Problem to solve: Each line from the one containing "Gold Spinach mascot" to the end of the entries below is to be set down exactly; the pictures are not.
####
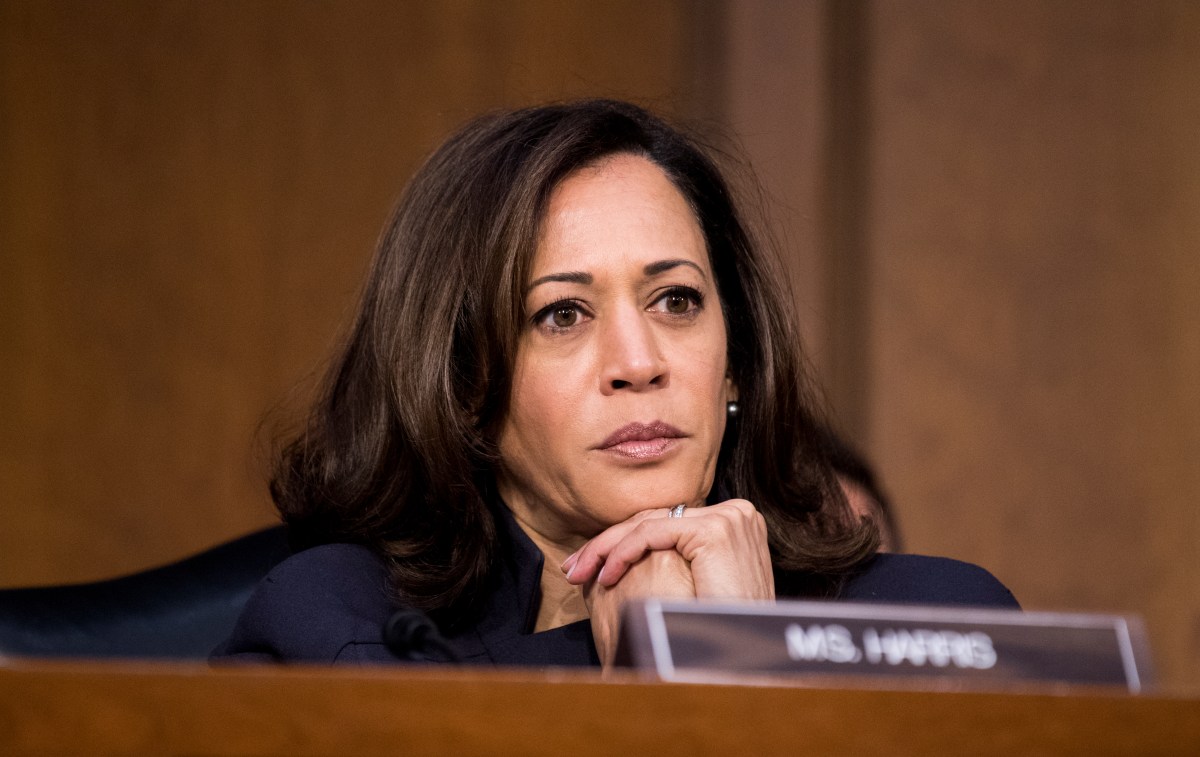 UNITED STATES - JANUARY 16: Sen. Kamala Harris, D-Calif., listens during the Senate Judiciary Committee hearing on 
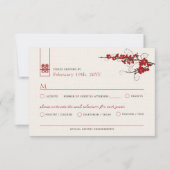 赤いさくらんぼの花桜がアジアの渦巻結婚き 出欠カード (正面)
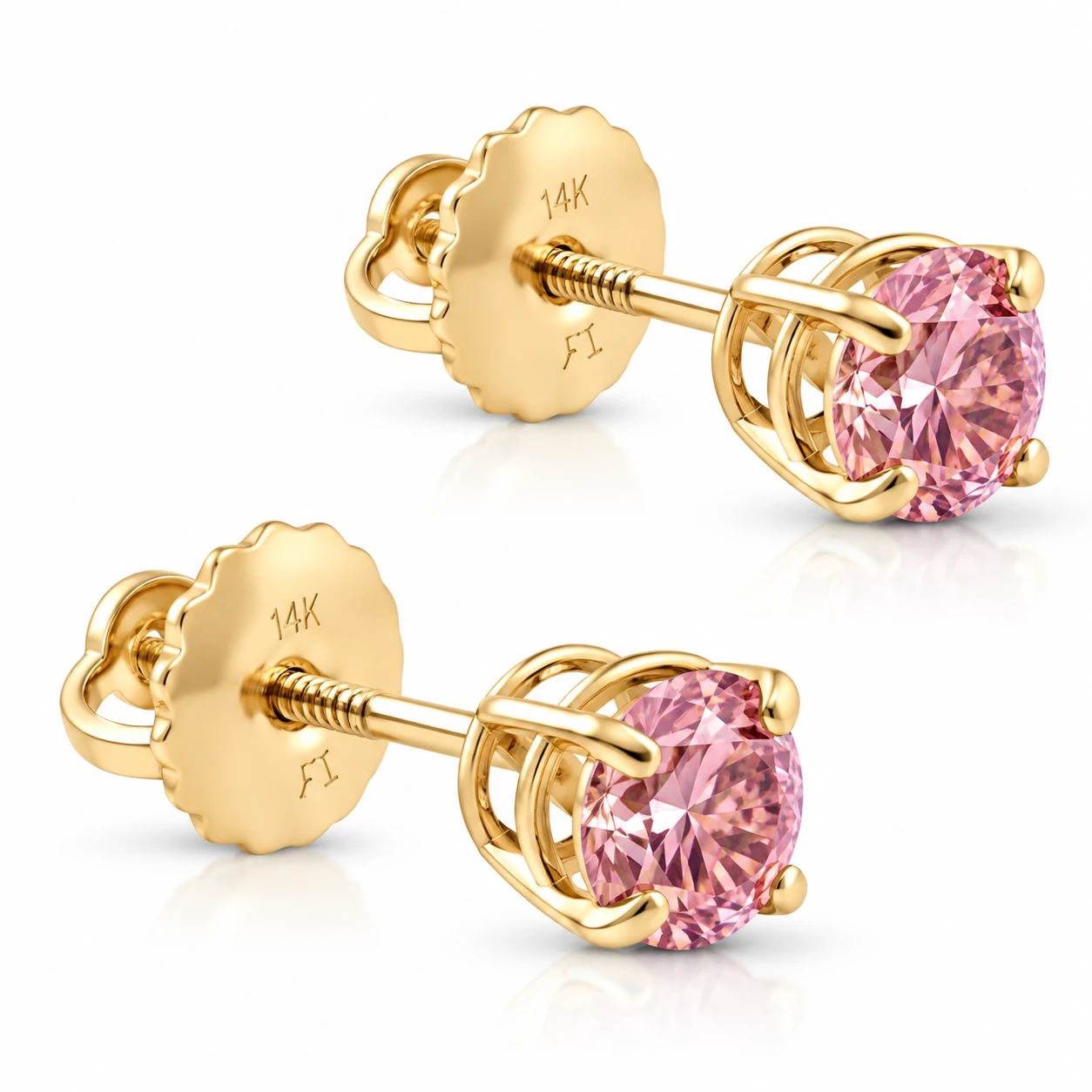 1/2Ct Pink Lab Grown Diamond Screw Back Studs Earrings 14K Yellow Gold (Pink, SI)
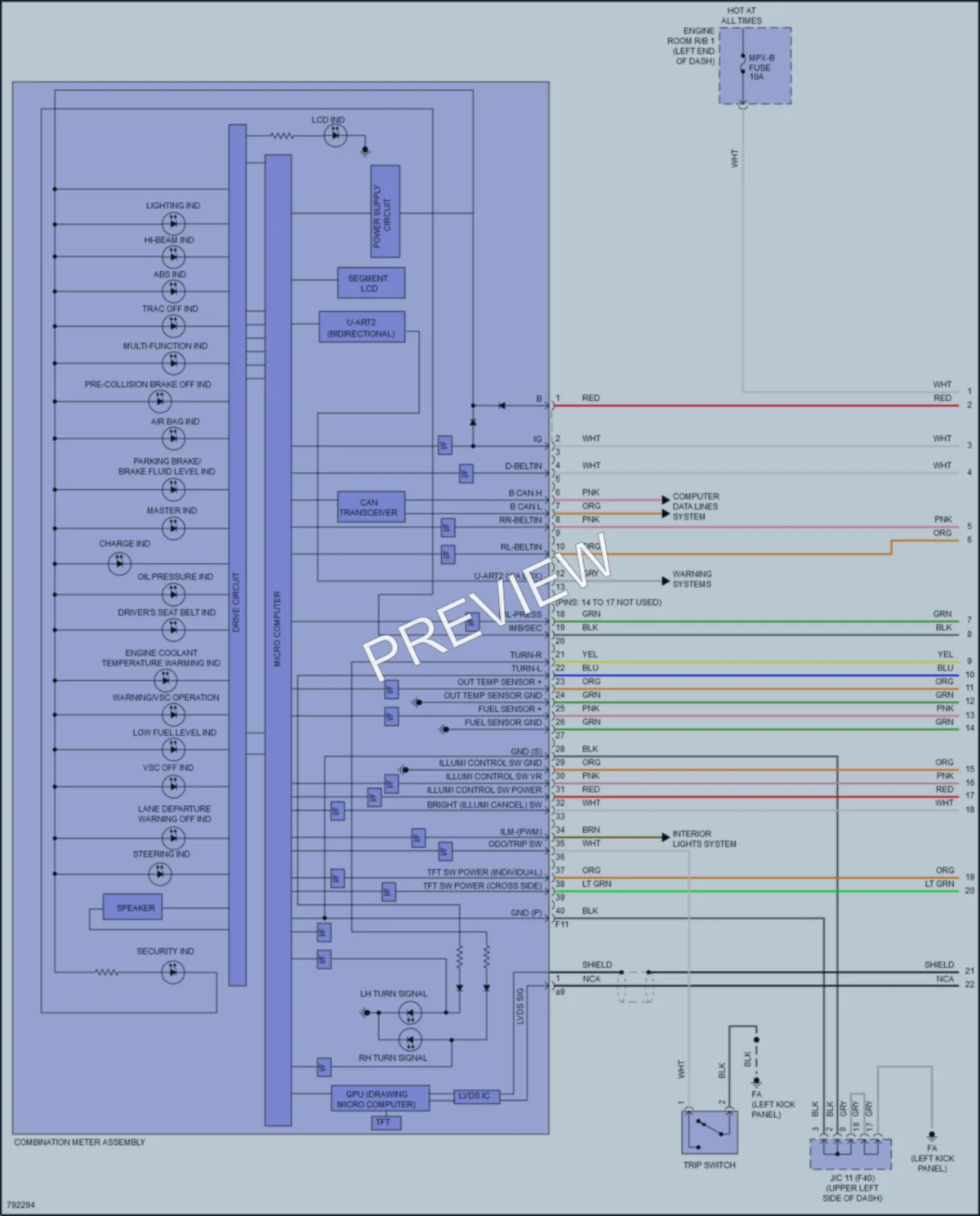 2022 Toyota GR86 Instrument Cluster wiring diagram preview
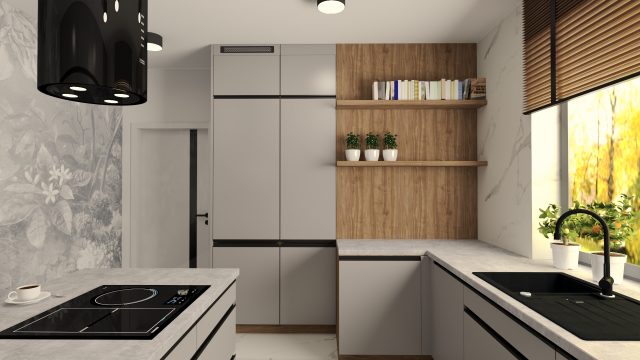 meble na wymiar. Stylowo urządzona kuchnia w szarym odcieniu, z praktyczną półką na książki, idealna do codziennego użytku i relaksu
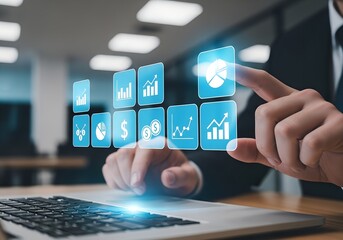 Person touching digital interface with financial charts and icons business finance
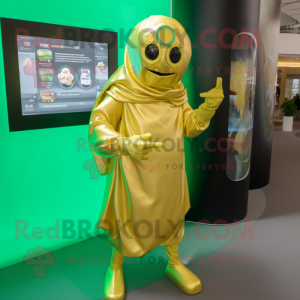 Gold Spinach mascot costume character dressed with a Cover-up and Digital watches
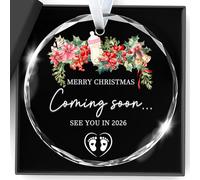 Christmas Ornaments 2025 Pregnancy Announcement Expecting Baby Ornament Merry Christmas Coming Soon See You in 2026 Great Grandparents Gifts Xmas Crystal Hanging Decor to Husband Grandparents Families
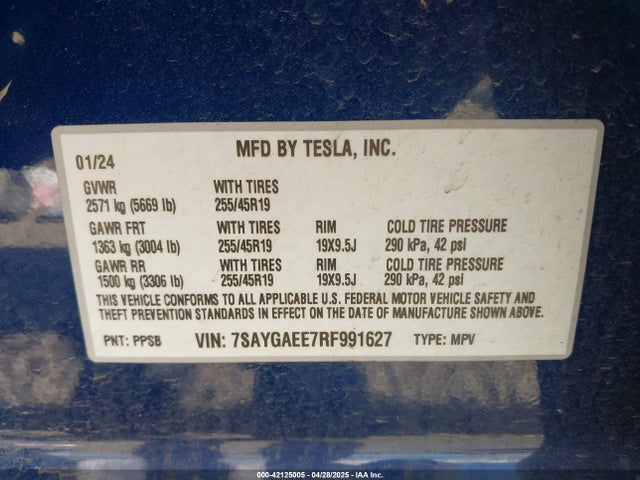 2024 TESLA MODEL Y 7SAYGAEE7RF991627 Photo 8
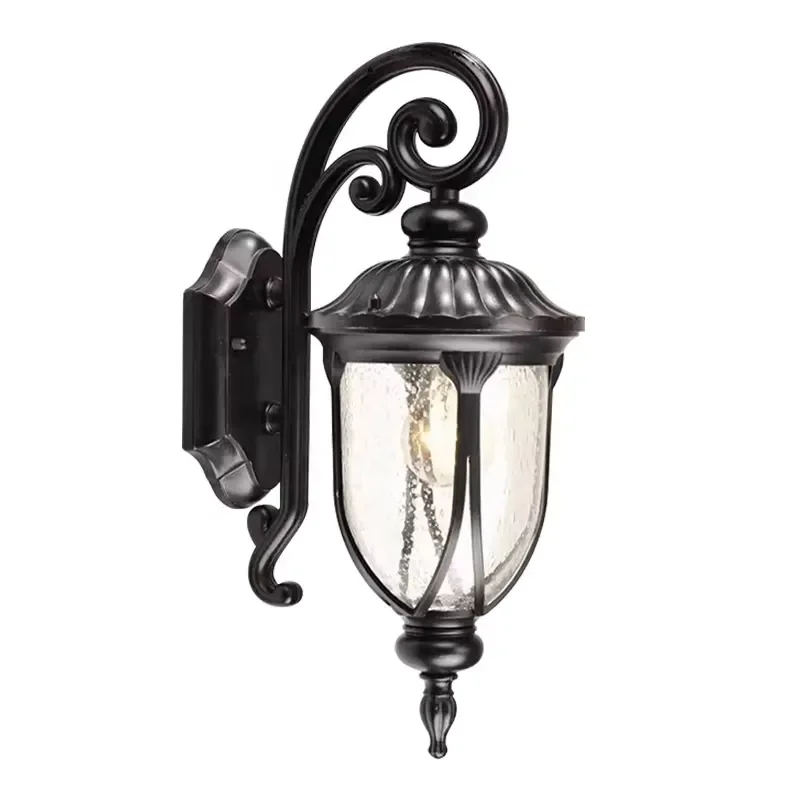 European retro LED garden outdoor wall lamp cylindrical/square polycarbonate lampshade black IP65 waterproof wall hanging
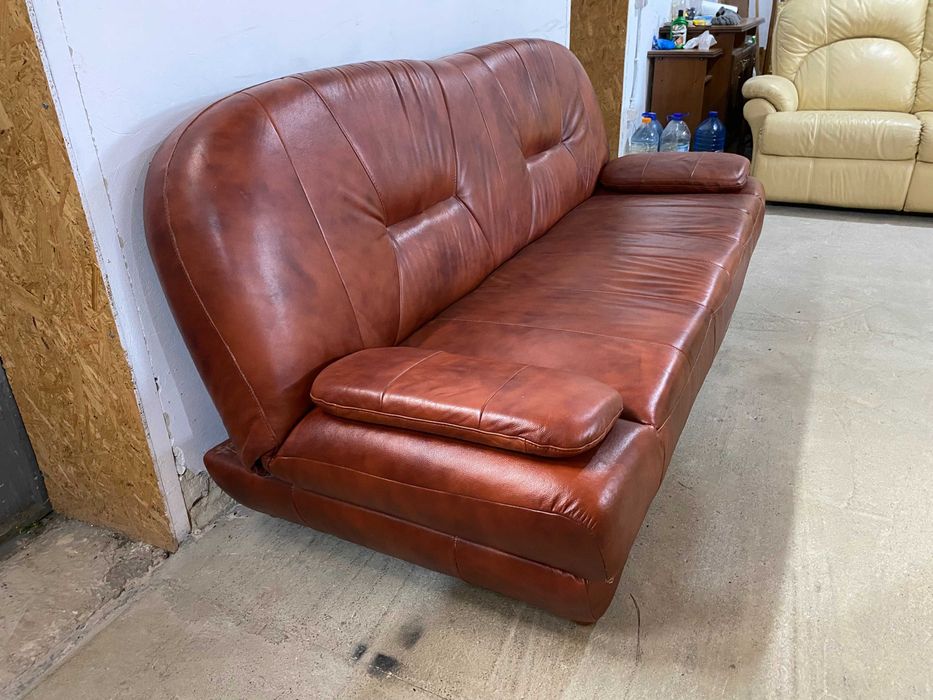 Шкіряний розкладний 3-місний диван з натуральноі шкіри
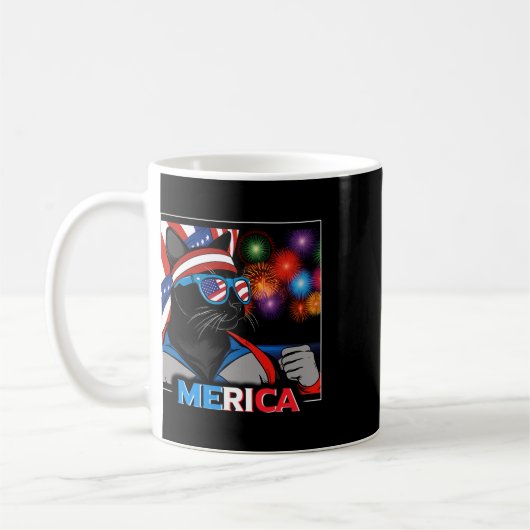 Fireworks Patriotic Black Cat Kaffeetasse (Links)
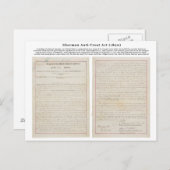 De Sherman Antitrust Act 2 juli 1890 Briefkaart (Voorkant / Achterkant)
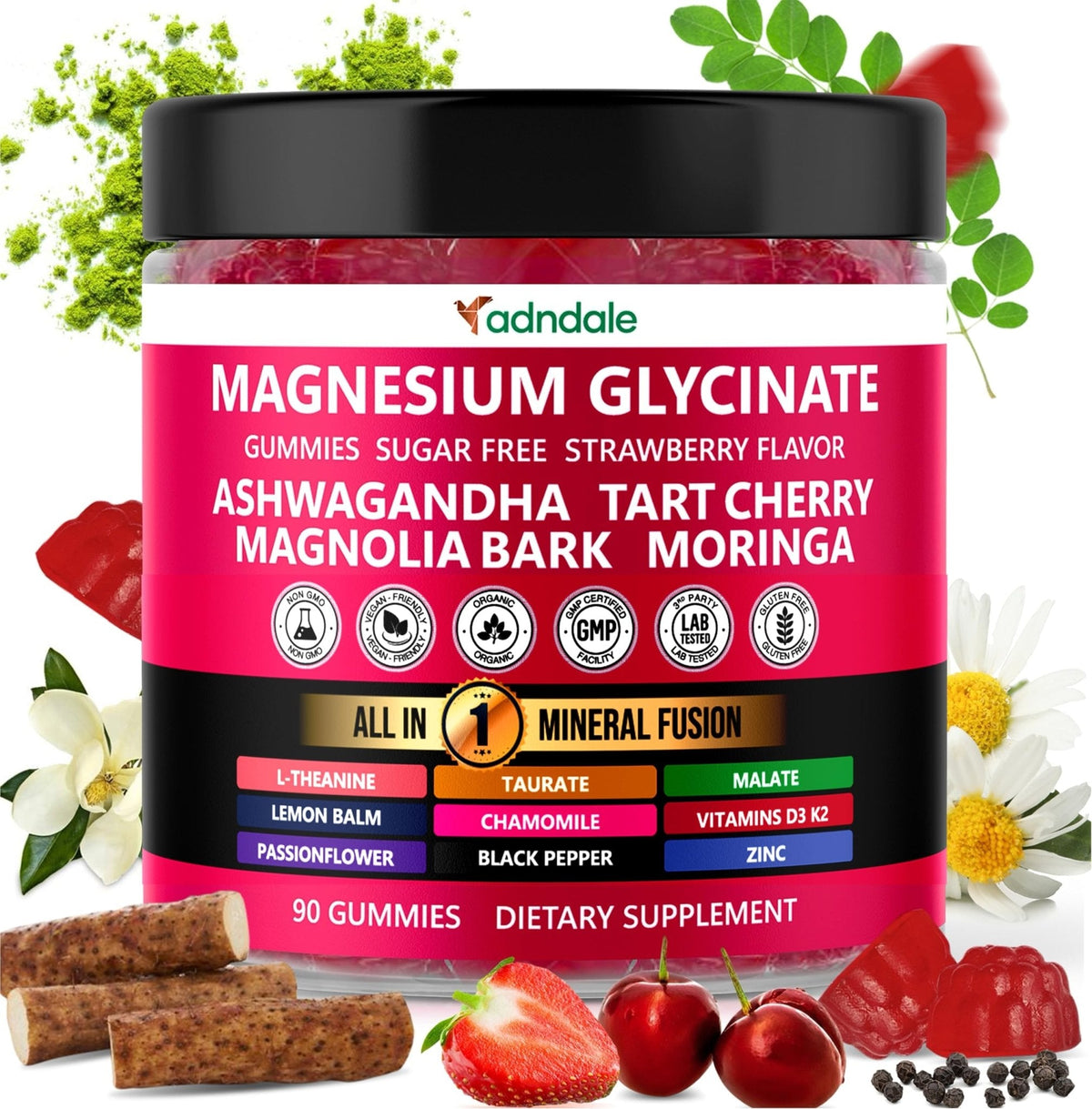 Adndale Magnesium Glycinate 400 mg Gummies with Ashwagandha, Magnesium Malate & Taurate, Tart Cherry, Magnolia Bark, Lemon Balm, Passionflower - PrimeBioHealth - canada supplements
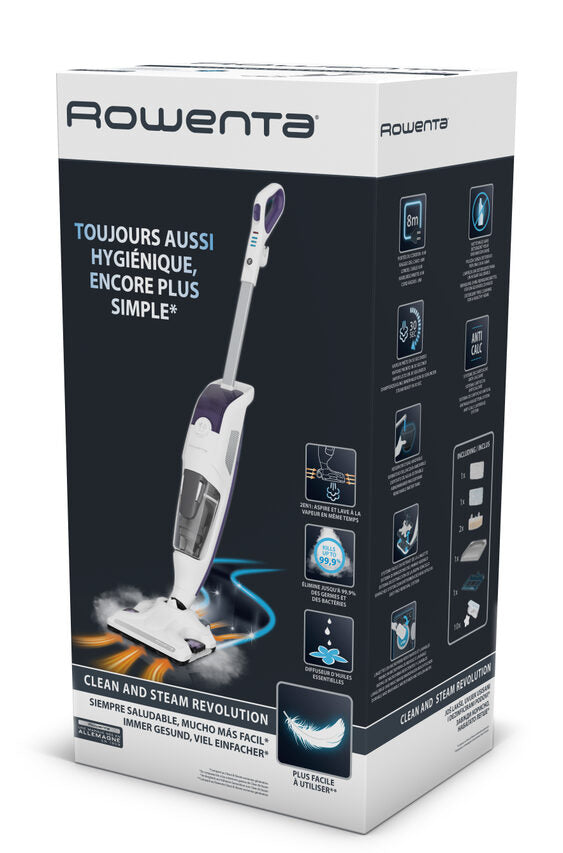 Rowenta RY7731 Clean & Steam Revolution, Scopa Lavapavimenti a Vapore, Aspira e Igienizza Contemporaneamente, Elimina Germi e Batteri, Pronta in 30 Sec, Senza Sacco, Bianco, 1500 W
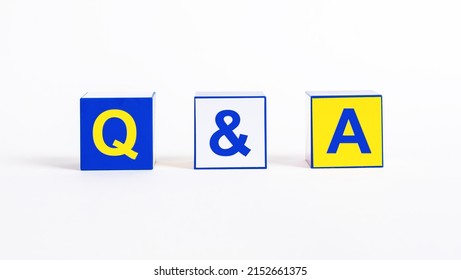 Cubes With Letters Q A. FAQ Concept. Questions And Answers Symbol Showing Possibility To Find Answer Or Ask Question Using Proposed Option. High Quality Photo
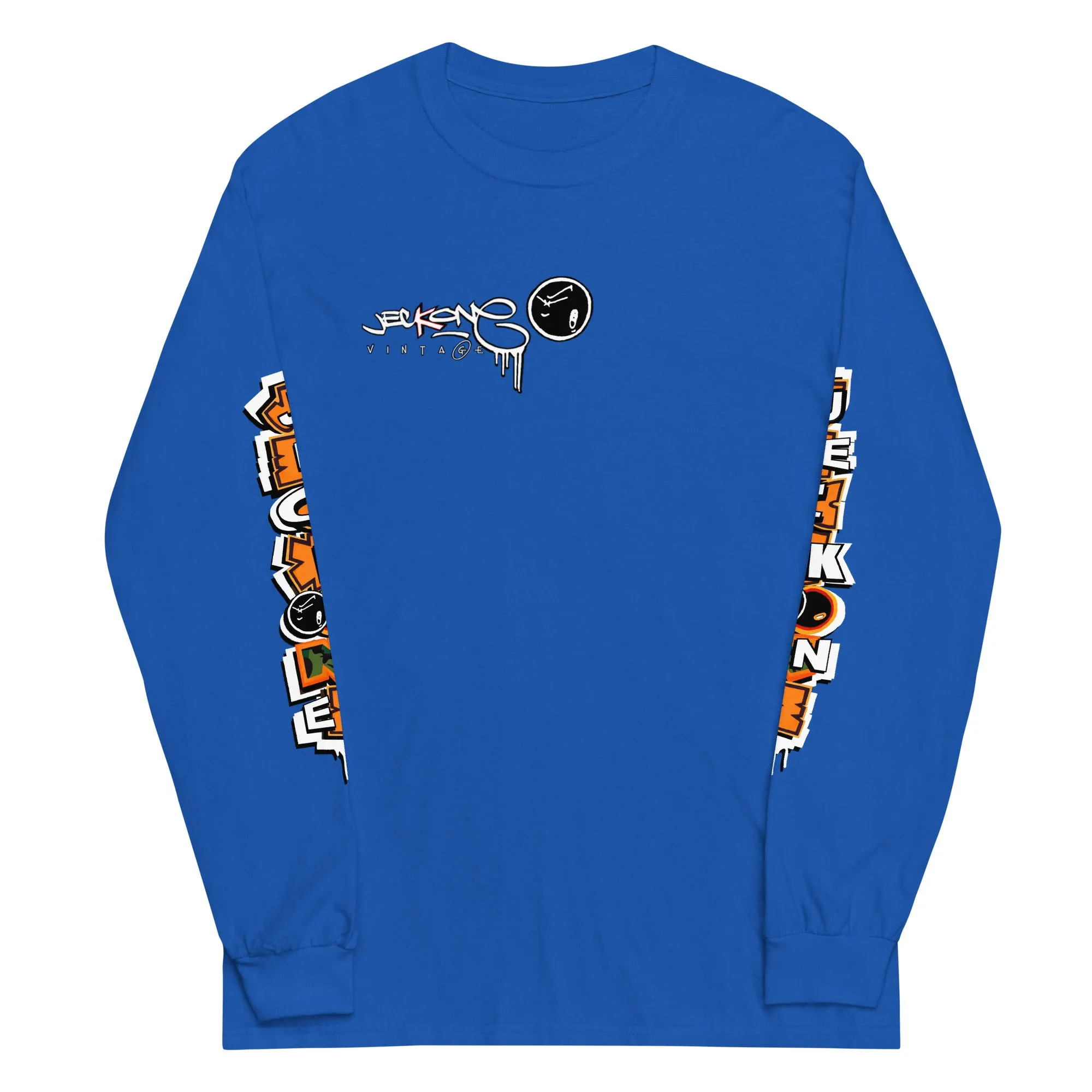 LONG SLEEVE TEE (uniSex): OrangeNeonCamoDrip -flipped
####
Task result:
 Gold Spinach mascot costume character dressed with a Cover-up and Digital watches
 Christmas Ornaments 2025 Pregnancy Announcement Expecting Baby Ornament Merry Christmas Coming Soon See You in 2026 Great Grandparents Gifts Xmas Crystal Hanging Decor to Husband Grandparents Families
 2024 TESLA MODEL Y 7SAYGAEE7RF991627 Photo 8
 European retro LED garden outdoor wall lamp cylindrical/square polycarbonate lampshade black IP65 waterproof wall hanging
 Шкіряний розкладний 3-місний диван з натуральноі шкіри
 Fireworks Patriotic Black Cat Kaffeetasse (Links)
 De Sherman Antitrust Act 2 juli 1890 Briefkaart (Voorkant / Achterkant)
 Adndale Magnesium Glycinate 400 mg Gummies with Ashwagandha, Magnesium Malate & Taurate, Tart Cherry, Magnolia Bark, Lemon Balm, Passionflower - PrimeBioHealth - canada supplements
 Rowenta RY7731 Clean & Steam Revolution, Scopa Lavapavimenti a Vapore, Aspira e Igienizza Contemporaneamente, Elimina Germi e Batteri, Pronta in 30 Sec, Senza Sacco, Bianco, 1500 W
 Cubes With Letters Q A. FAQ Concept. Questions And Answers Symbol Showing Possibility To Find Answer Or Ask Question Using Proposed Option. High Quality Photo
 LONG SLEEVE TEE (uniSex): OrangeNeonCamoDrip -flipped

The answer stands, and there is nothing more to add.